Saturday, December 8, 1888.

7.45 P. M. Harned had been in. Was going. I met him in the parlor. Much impressed with improvement in W.'s condition, which persists. Ed said: "He has been tip top to-day": and further: "It is cold here: I was so busy with him fixing up things I left the fire go out." They had actually got to work on the room. Ed described W. as watching him like a hawk as he picked up and arranged papers—leaning forward on the chair, pointing with his cane, &c. Dr. Walsh in to-day: had come (Ed says) by letters from Osler—is to meet Osler at W.'s to-morrow. Walsh confident W. would be better if he could be got to go out—go in a wheeling chair, &c. I afterwards put this to W., he seeming however to be averse.

Upstairs found W. on his bed. Light lowered: room very hot and close—not offensively so. Remarkable how sweet W. keeps his person: even his breath not bad. Ed remarks this. Considers it extraordinary. Reached out his hand. Very cordial. Had me turn up the light at once. His usual question: "How has it gone with you?" I answered by a word—then turned inquiringly to him. He said: "Well—well: still sustained—still sustained." Was entirely freed of the bladder trouble—the pain of it. He spoke of Walsh. "I seem to have met him before—been introduced to him—yet could not make it clear when or where." He felt weak: supposed he "always would be weak": yet suffered no discomforts. Eats now, sleep— "have my very bad hours, of course"—but on the whole is "out of danger." Had "sent letter off to Bucke" to-night, "with more cheery news" Asked: "How is the weather out of doors?" Then: "Is the moon up? Can you see the moon?" Again: "After all, I suppose good and bad weather comes back to the question, how do we ourselves feel? If we are well all is well, and vice versa: I think it was Emerson who, in one of his earlier essays, told the story: a man wanders over the moor: the night is dark: the way muddy, bad: but he is alive in every pore: oh so glad he is alive he dares not tell it even to himself because it may not prove real—may be an illusion." Had he realized such an experience? "I suppose I have: at any rate it seemed to me to have a profound meaning: I felt that it was true—true even beyond Emerson's utterance of it, which was great indeed."

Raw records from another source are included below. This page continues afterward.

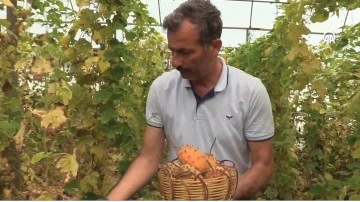 Kiwano &uuml;reticiye gelir kapısı oldu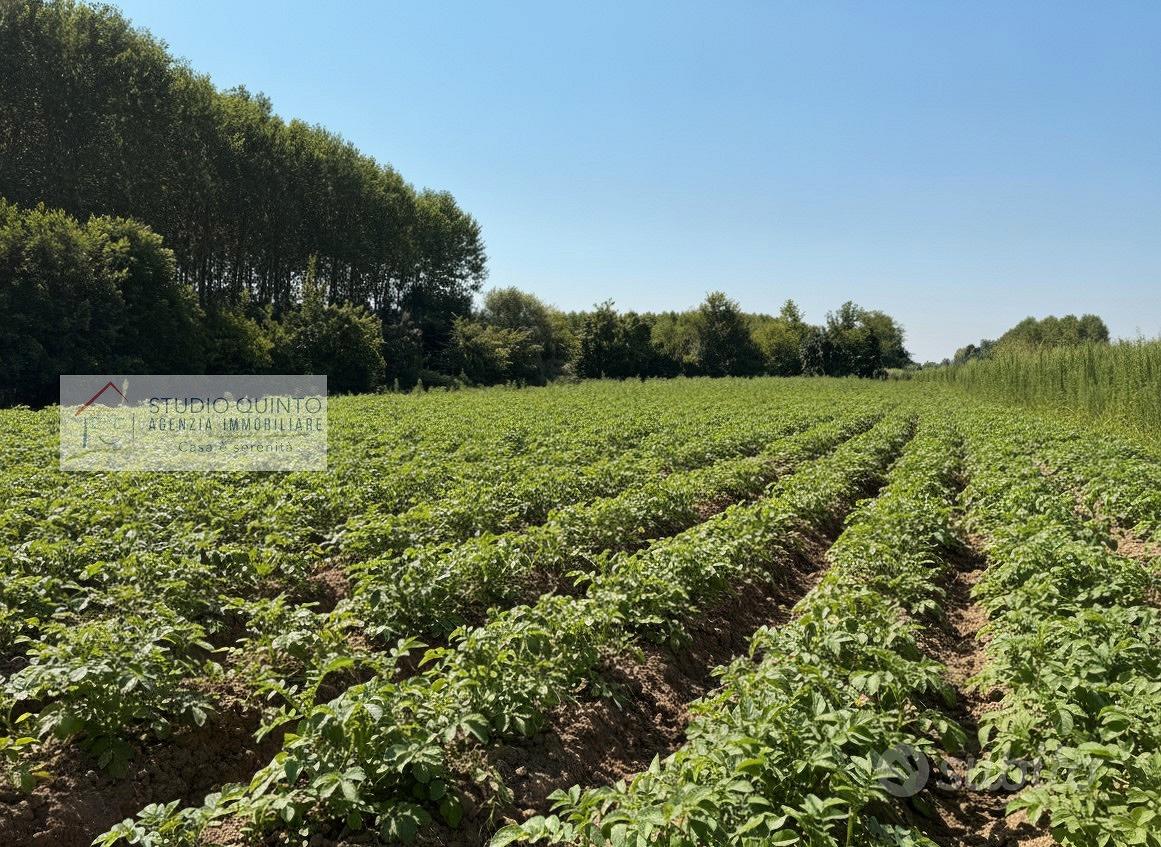 Terreno agricolo di mq. 4520 ca - Vista 2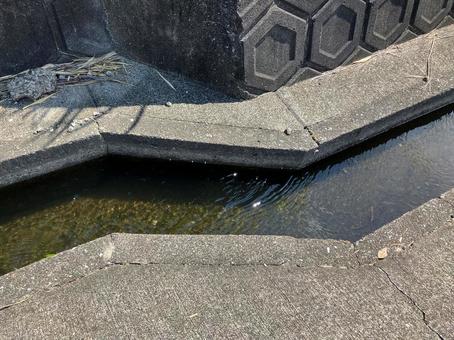 きれいな水を田んぼへ導く用水路 きれいな水を田んぼへ導く用水路の写真
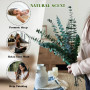 12 Pièces 45cm Eucalyptus Seches Naturel d'Eucalyptus Fleurs Séchées pour Mariage Arrangement Floral Home Deco
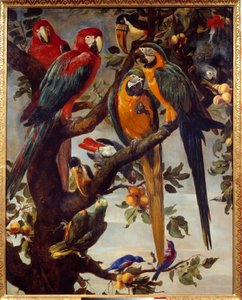 Papegaaien en andere vogels door Frans Snyders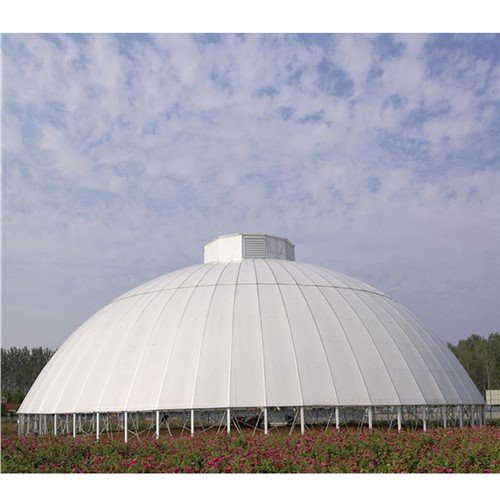 Hivernacle de la cúpula geodèsica victoriana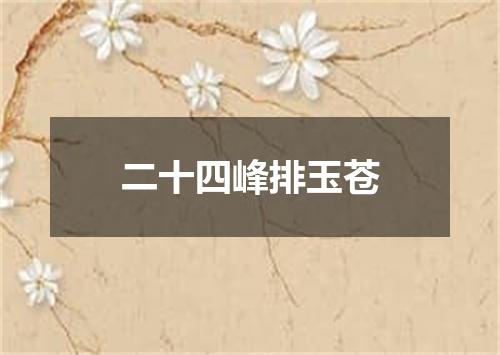 二十四峰排玉苍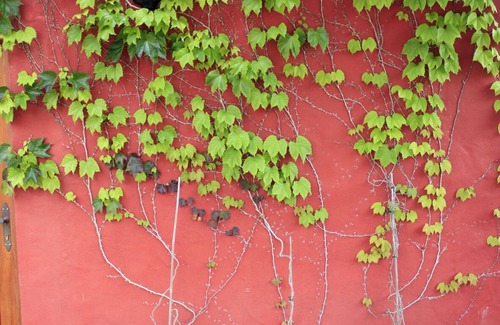 Barranco del Pinar Cottage | El Roble rural holiday home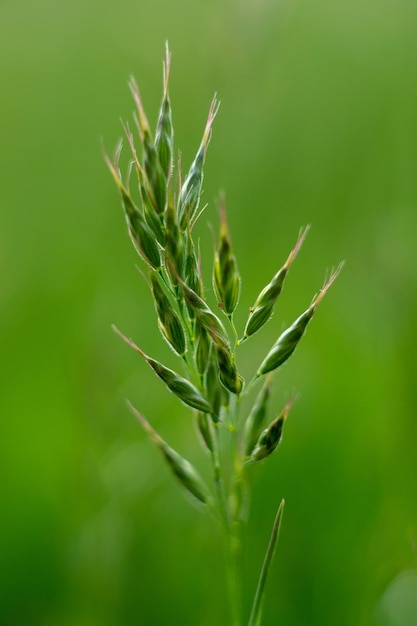 spighette di campo, campo estivo, spighette in un prato estivo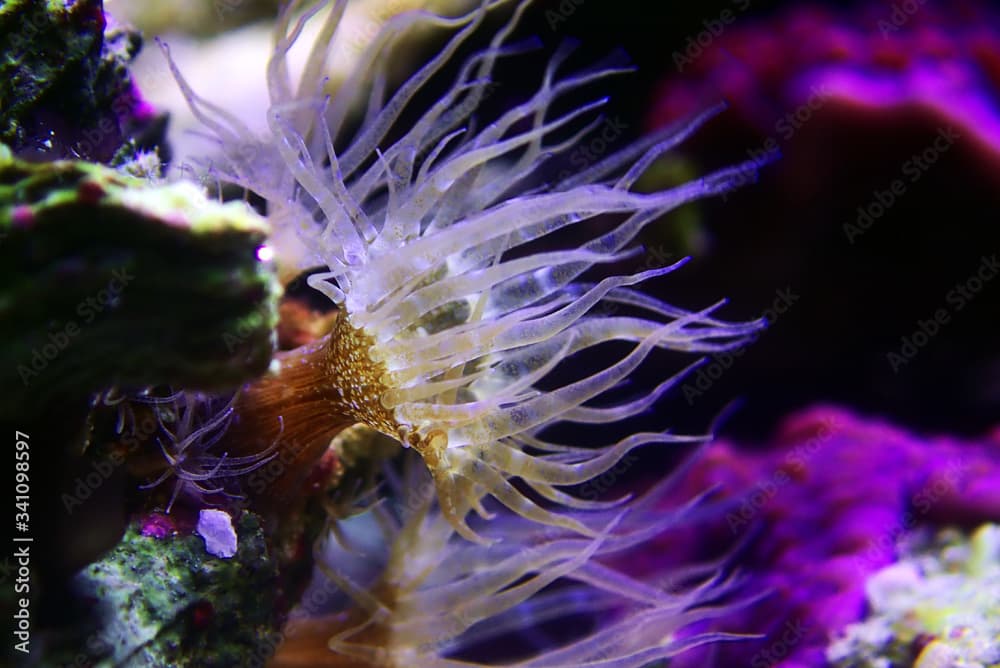 Small glass anemone pest - Exaiptasia or Aiptasia Pallida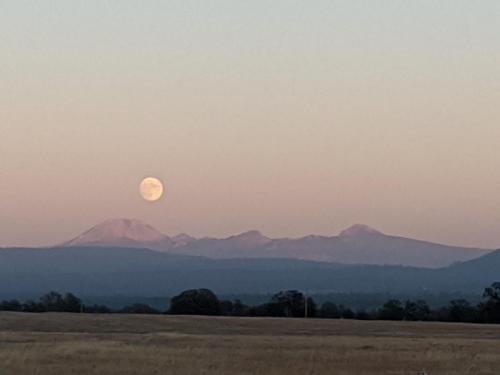 MVIMG_20201029_180302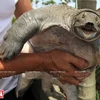 Crianza de tortuga de caparazón blando carunculada en Khai Thai
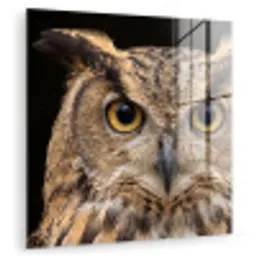 Oehoe - Uil - Portret - Bruin plexiglas 5mm klein -zzzproduct_nieuw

I had something to say about depressed mental states. W. exclaimed: "Depression! that is O'Connor! Of all men that I know O'Connor most deserves study: he baffles, eludes: yet you must study him. He is at times the most vivid, brilliant, charming—most full of fun—of all beings: with me, with another, in a roomful of company: then come weeks of depression, hypocondriacism: while they are on they were moods not to be ignored—only to be suffered." "These moods seemed to be a necessary part of O'Connor's life: they had visited him for years and years." Did they interfere with his work? "No, not at all: he would get up in the morning, eat his breakfast, depart, with very few words: go down to the office: often, in after hours, take long, long walks—three or four hours at a stretch: be away from home all day, returning at midnight. That was frequent: Nellie would often be worried—fear for him, fear some harm—I don't know but go out for him." "Did you come in contact with him at such times?" "O yes! I would go down to the house—often go out and look for him. We always got along very well together. His wife at one time was very anxious—was afraid it would develop into an insanity: but she finally grew accustomed to it: years of association showed her that it meant what it did—nothing more." Had W. any theory about it? "I never gave it an explanation—never regarded it as the reaction from anything: simply felt: 'It is in him: therefore it must be.'"

W. turned his head towards me on the pillow: had been lying flat, his hands folded across his stomach. "You know Doctor—Doctor—he wrote The Wandering Jew?"—his memory for a minute going back on him: "Oh! Sue—Doctor Eugène Sue: have you read The Mysteries of Paris? There is one of the characters of that book—one of the, to me, most interesting characters: a fellow who used to go off every now and then, at stated periods, to have a hell of a time: he always knew when the period approached: would prepare for it—then have it out. It is like the animals—the snake—hybernating: being fat, well fed, lying down—going into its long rest: then coming forth, the time over, lean, lank, frail—the whole spirit gone out of it. This illustrates O'Connor."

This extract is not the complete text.